I do this with my time. Eating. Checking. Busying myself. Distracting. Diverting.
I do this with work. I tend to find ways to shift my schedule to show up and do more.
I do this with friends and social situations, over booking myself. Making commitments to others before creating space and time for myself.
I do this with situations that do not feel good and then feel the need to run, hide, solve, fix, avoid.
I have become accustomed to doing ANYTHING else rather than sitting and being. This doesn’t happen all of the time. It has happened. It does happen. It is something I am noticing.
And here, now, I am presented with an opportunity to be with this space. Space is showing up for me to be. To be in this space. This space that has been afforded to me, to simply be.
What is behind this doing?

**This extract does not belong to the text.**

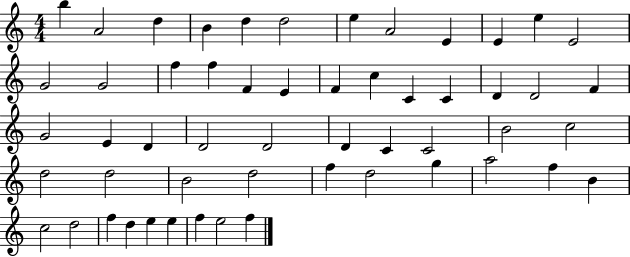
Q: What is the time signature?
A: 4/4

This filling in?
An ill ease with the void. With this space in between.
And then I sit. I sit and breathe.
I return to what is known. To be with what is here. To access what is always here, underneath the incessant chatter of the mind, the constant seeking and wanting, the thinking faculty of the mind. The mind wants to think its way out, think its way around and I know, I know that the thinking that got me here, is not going to get me anywhere other than here. So, the invitation is to sit, to return to my breath and breathe. In and out. In and out. In and out. Out and in. Out and in. Out and in.
Brining my mind back to the breath, back to the count, back to the intention. To sit. To breathe.
It is not that the mind stops. No, it can go on and on. And it does. It continues, it’s that once I have accessed a still space, a quiet space within, this void which is full of ease and grace, the thoughts have nothing to cling to, nothing to hold on to. Nothing to grip them or to clasp, so they do not remain. Here, yes, but not dominant, not as pronounced. Not dictating or directing. They fade, their presence is known and they do not have or hold value. My attention does not go to them.
This is the knowing. This is the commitment I have made to myself. To connect with myself through my breath. To meet myself before the mind. To meet myself in the space before the chatter of the mind. To meet myself beyond the chatter of the mind. The mind that wants to control, to make sense, to fill in the gaps.
Stay. Stay. Stay in the gap. Access the gap. This space of nothingness that is full of potentials. This rich space of possibilities. Access this gap.
Which reminds me of a teaching I have heard from every yogi, some variation of “wherever your attention flows, your energy goes.” Ah yes, what am I giving my attention to, where am I allowing or diverting my attention to? For whatever I am giving my attention to, grows. It expands. It is fed by my attention. So where am I putting my attention, the most important currency - my attention and energy - where am I putting it?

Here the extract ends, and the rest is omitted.